Ponto Final - A angústia de Kalashnikov
14/01/14 10:45 | Gabriel de Sales
Mikhail Kalashnikov, o herói soviético criador do
fuzil AK-47, arma de assalto mais fabricada no mundo, que morreu na antevéspera
do Natal, aos 94 anos, sofreu nos últimos anos de vida com o temor de ser
culpado pelas mortes causadas pelo seu invento, como revela, na edição de
ontem, o jornal russo Izvestia. “Minha dor espiritual é insuportável
De vez em quando me faço a mesma pergunta que não
posso responder: ‘Se meu rifle terminou com a vida de tantas pessoas, pode ser
que eu... seja culpado por
O projetista do exército da então União Soviética,
que nunca foi recompensado materialmente pela arma que projetou, começou a
trabalhar no AK-47 quando ouviu, perto do final da Segunda Guerra Mundial,
reclamações de soldados sobre a inferioridade do armamento leve do Exército
Vermelho em relação ao dos alemães. A nova arma só começou a ser produzida
regulamente em 1947, e, curiosamente, passou a ser usada muito mais
intensamente fora das fronteiras soviéticas que dentro.

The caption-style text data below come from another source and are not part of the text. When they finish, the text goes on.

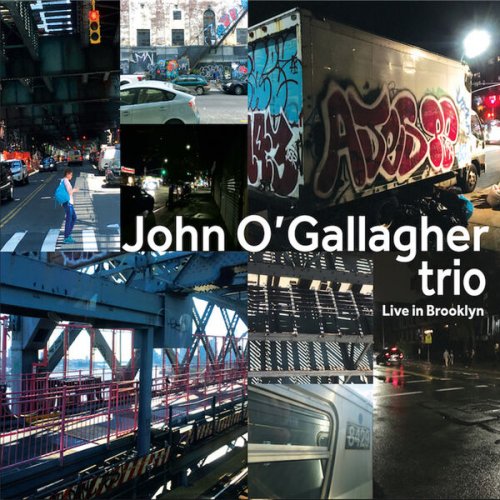 John O'Gallagher Trio - Live in Brooklyn (2016)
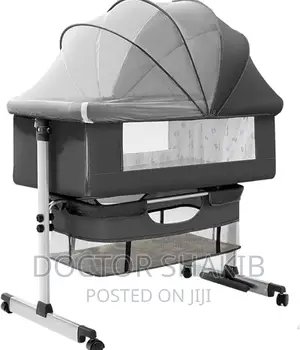 Baby Cosleeper/ Next to Me Baby Crib
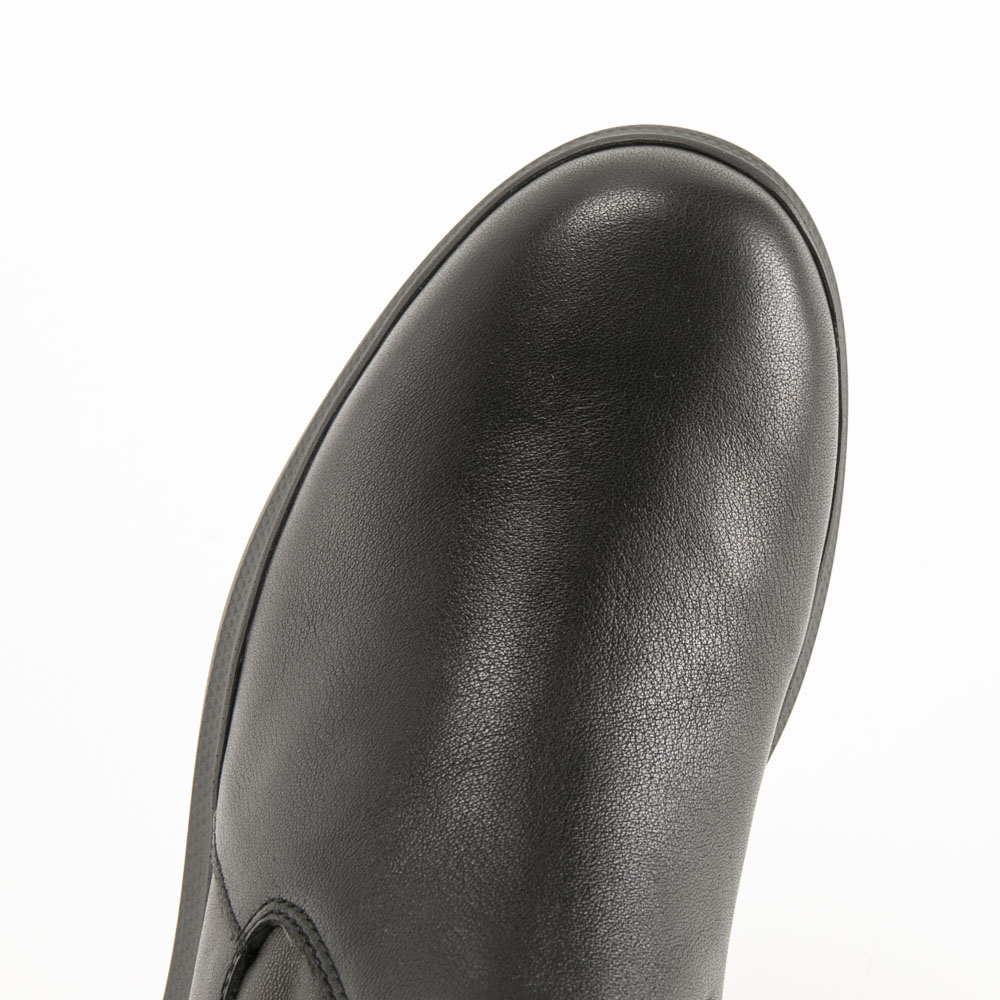 エーエヌワイオー ANYO レディースブーツ 撥水 ストレッチ ボリュームソール 本革 2240019【FITHOUSE ONLINE SHOP】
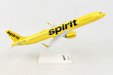 Spirit Airbus A321neo (Skymarks 1:150)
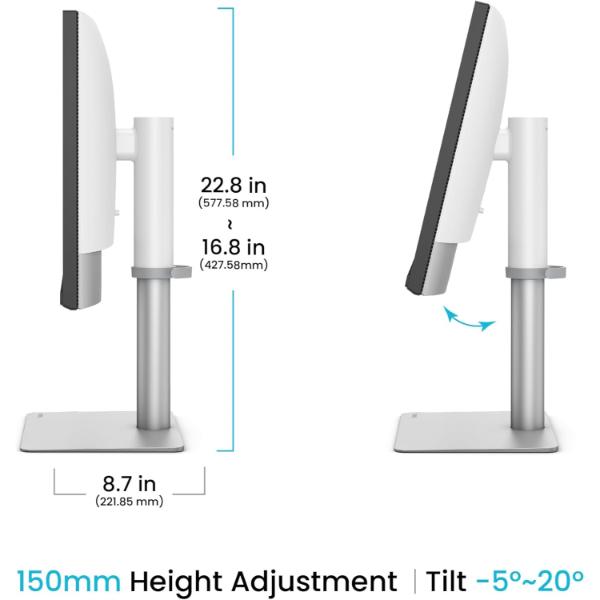BenQ PD2730S 27 5K Monitor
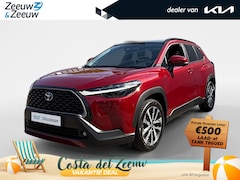 Toyota Corolla Cross - 2.0 High Power Hybrid Launch Edition | PANO DAK | LEDER | NAVI | 360 CAMERA | NL-AUTO | ST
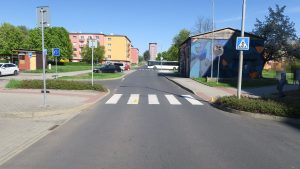 Pátráme po svědcích dopravní nehody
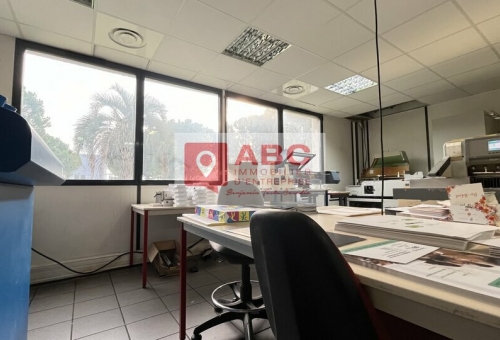 Bureaux à louer à MONTPELLIER - 135 m² environ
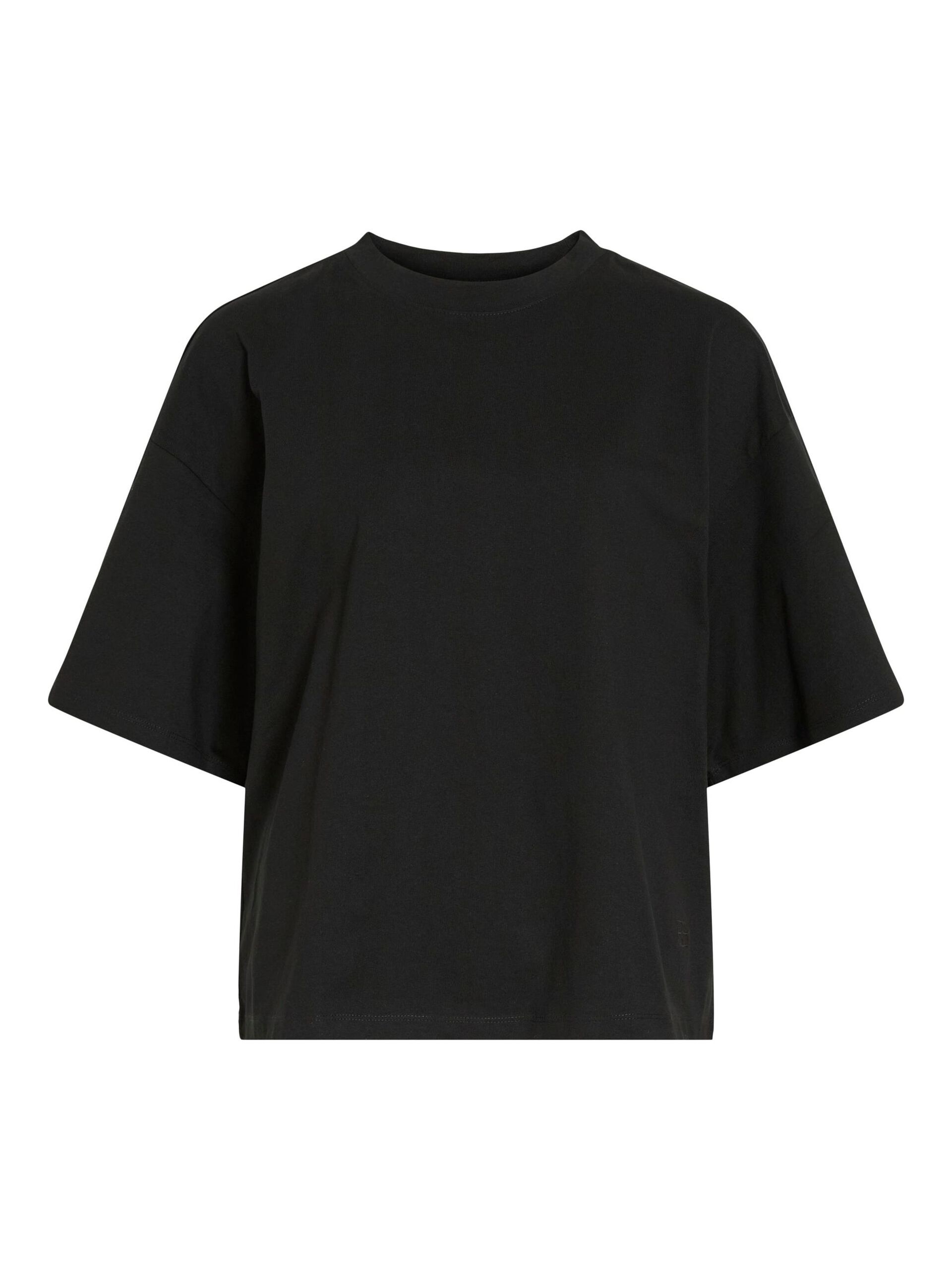 Carousel image - COTTON OVERSIZED T-SHIRT, Meteorite | 5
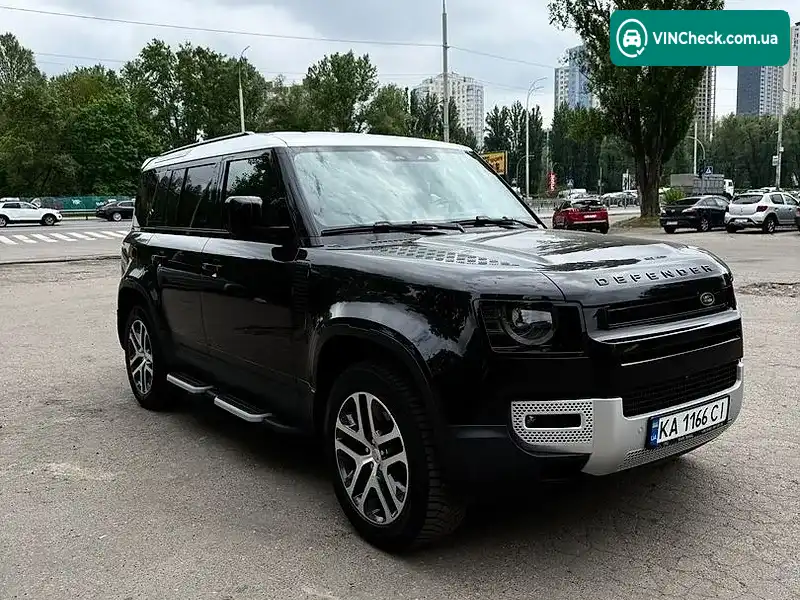 Land Rover Defender 2021, фото з оголошення 1 з 20, VIN SALEA7BW4N2080873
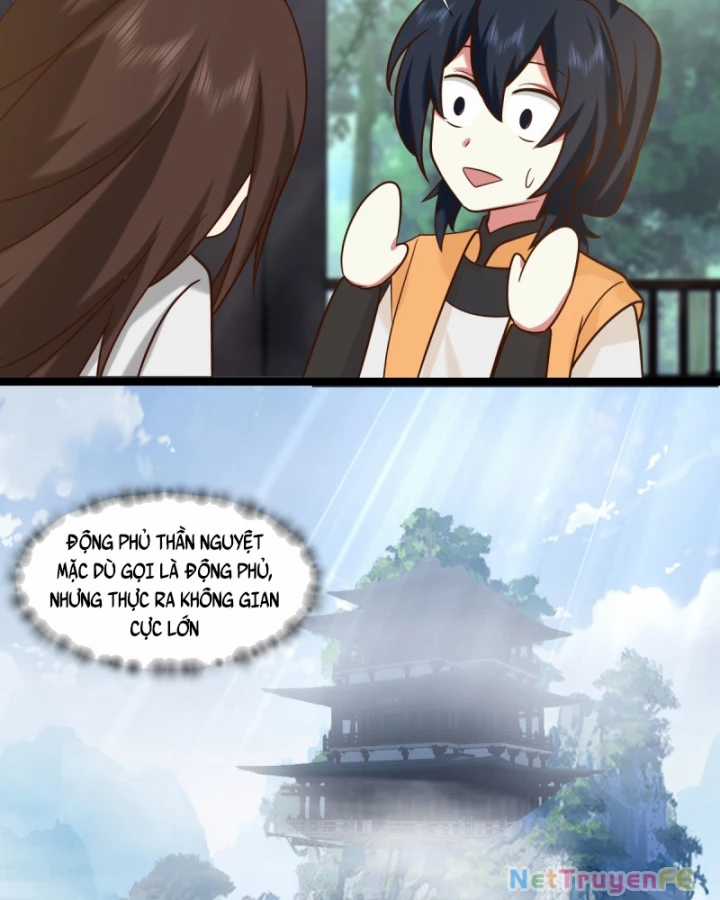 Hỗn Độn Đan Thần - Chapter 470 - Trang 22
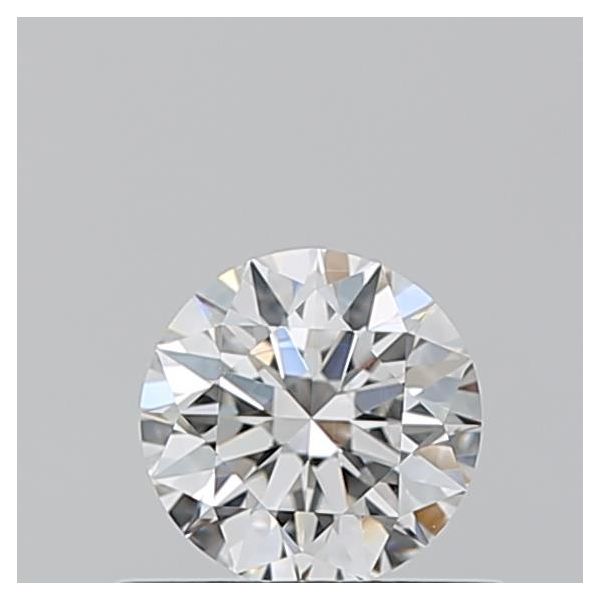 ROUND 0.52 G VVS2 EX-EX-EX - 100769739175 GIA Diamond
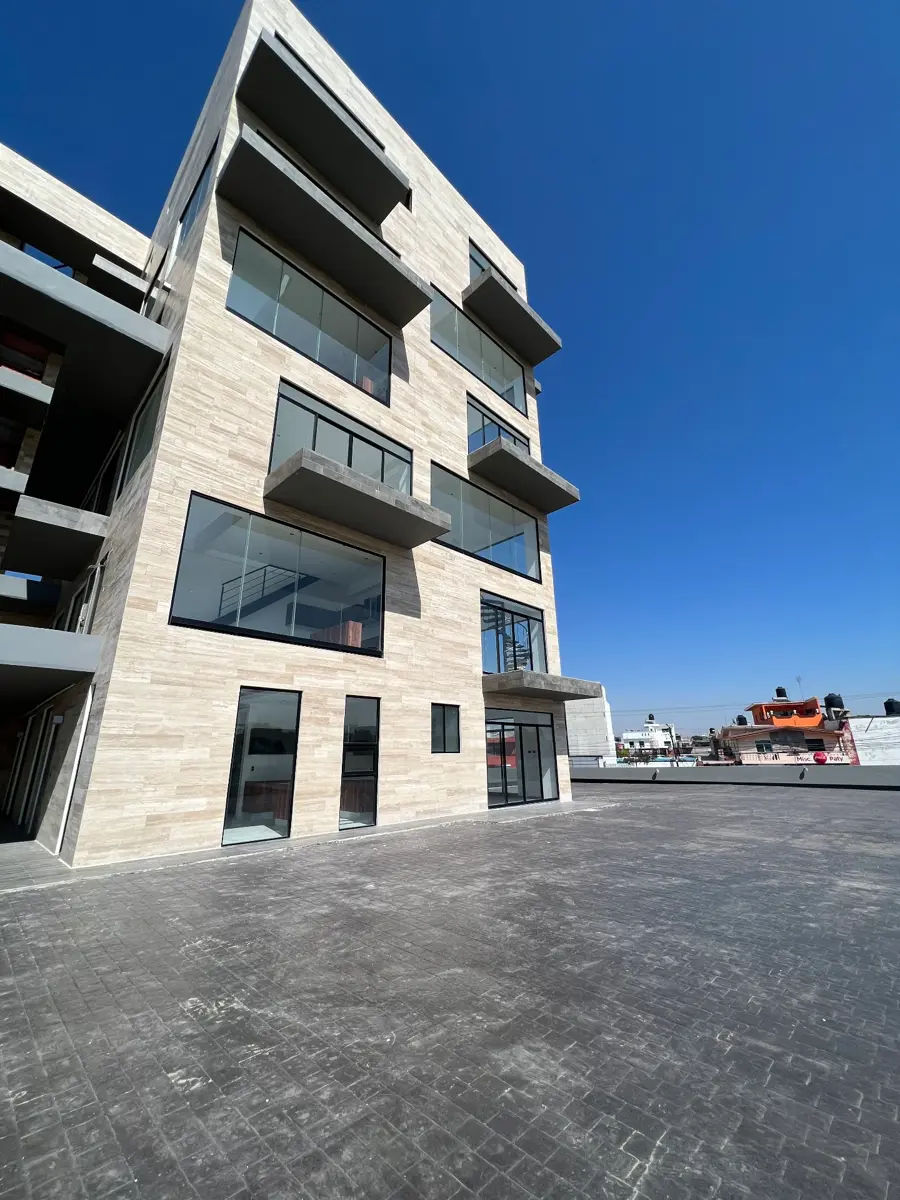 Departamento en venta en Ex-Hacienda de Santa Teresa, San Andrés Cholula — foto 1 de 15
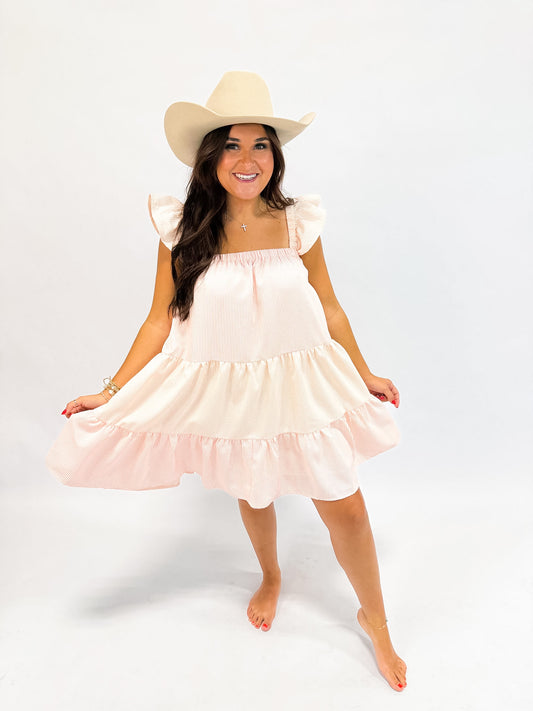 Creamsicle Cutie Dress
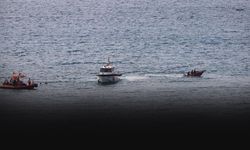 Göçmen botu battı: 1 ölü 2 kayıp!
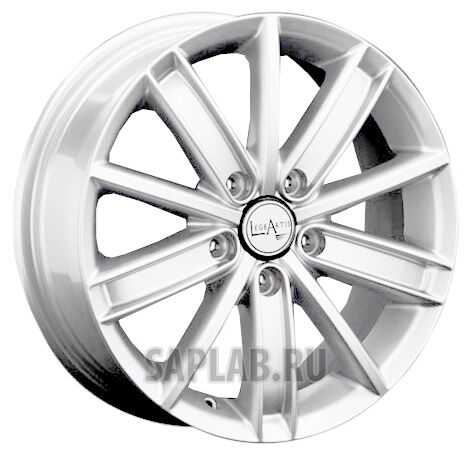 Купить Legeartis WHS091771 SK15 16/6,5 ET50 white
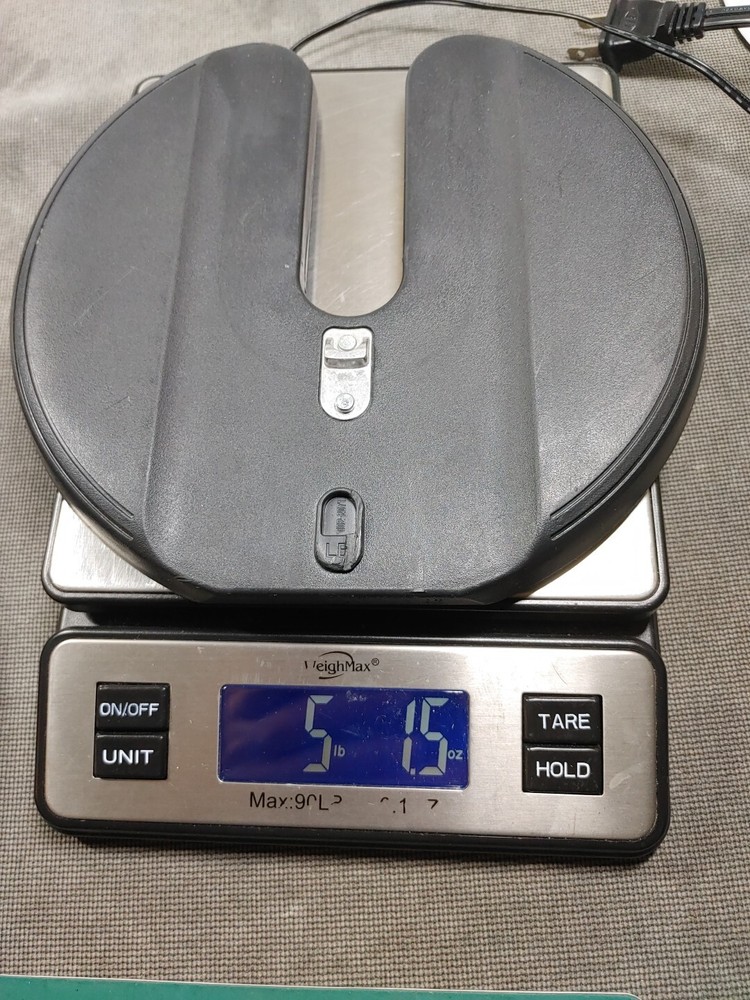 Bowflex SelectTech 552 Series 2 Dumbbell Weight Plate 002-2071 Replacement #3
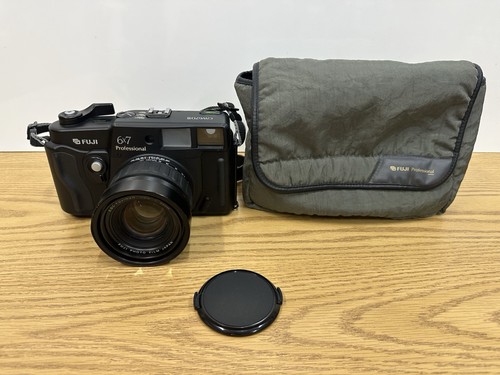 Fuji gw670iii con borsa - con,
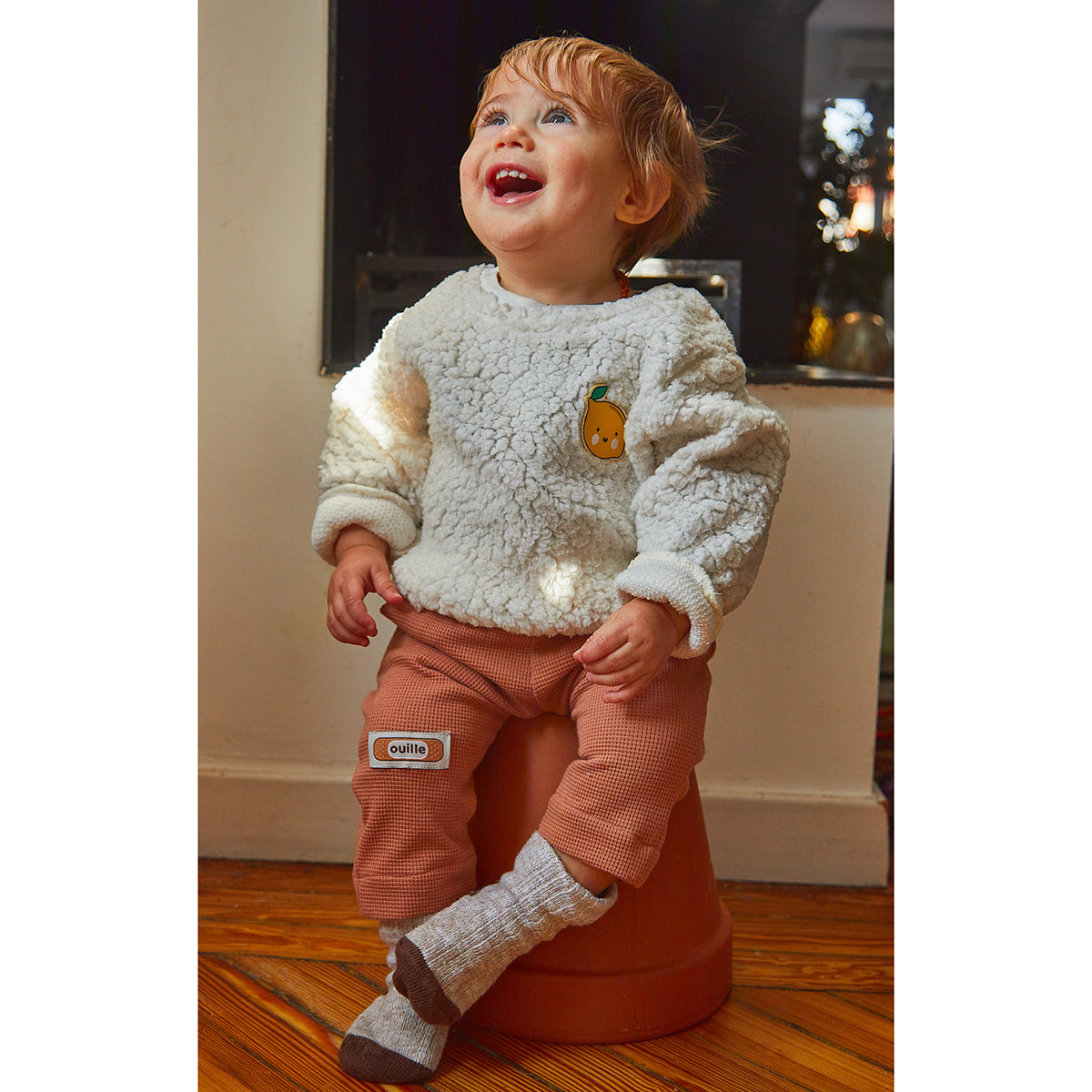 Pantalon bébé hotsell
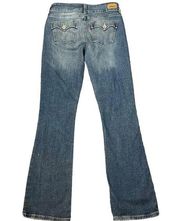Levi’s  Slender Bootcut 526 Jeans Size 4 27 Low Rise Vintage Y2K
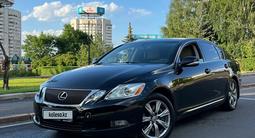 Lexus GS 350 2010 года за 8 000 000 тг. в Алматы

Leve e fácil de operar, pode ser manejada por
pessoas fisicamente frágeis, inclusive, mulheres e adolescentes. Foi o que
aconteceu na Guerra do Vietnã, onde teve papel importante na luta da guerrilha
sul-vietnamita que, com o apoio do Vietnã do Norte, conseguiu derrotar as
tropas norte-americanas e unificar o país.
"Se o nome de Samuel Colt e seu revólver são
associados ao século 19, então a arma do século 20 sem dúvida é o
Kalashnikov", compara o analista de Defesa da BBC, Jonathan Marcus.
Diante de tanto sucesso, não demorou para que o
fuzil passasse a ser copiado. Estima-se que, desde 1947, cerca de 100 milhões
de unidades do AK-47 foram produzidas, espalhando-se, inicialmente, em países
alinhados com o bloco soviético e, depois, por todos os cantos do mundo. Para
desespero de seu criador, tornou-se uma das armas preferidas também de
narcotraficantes latino-americanos e criminosos organizados em outros redutos.
"Criei essa arma para defender minha
pátria", afirmou Kalashnikov na comemoração de seus 90 anos, em 2009.
"Não é agradável ver que todo tipo de criminoso atira com minhas
armas", acrescentou.
No mesmo dia em que foi divulgada a carta em que
ele expôs suas angústias, a porta-voz do consórcio Kalashnikov, a empresa que
leva o nome do criador do AK-47 , maior produtora russa de armas automáticas de
combate e de espingardas esportivas, anuncia que está perto de começar a
fornecer esse tipo de armamento aos Estados Unidos. "A empresa poderá
vender com ajuda da Russian Weapon Company, o seu dealer exclusivo, até 200 mil
armas por ano", anunciou a assessora Elena Filatova. O negócio deverá
formalizado na Shot Show 2014, que se realiza de hoje até o próximo dia 17 em
Las Vegas.
Em um país extremamente liberal internamente na
comercialização de armas e, até por isso, sobressaltado por frequentes
massacres praticados por jovens e que no plano externo não hesita em usar
drones, os aviões não-tripulados, contra populações civis indefesas, a chegada
das armas russas será um forte ingrediente a mais no quadro de violência. Neste
caso, sim, a angústia de Kalashnikov seria plenamente justificada.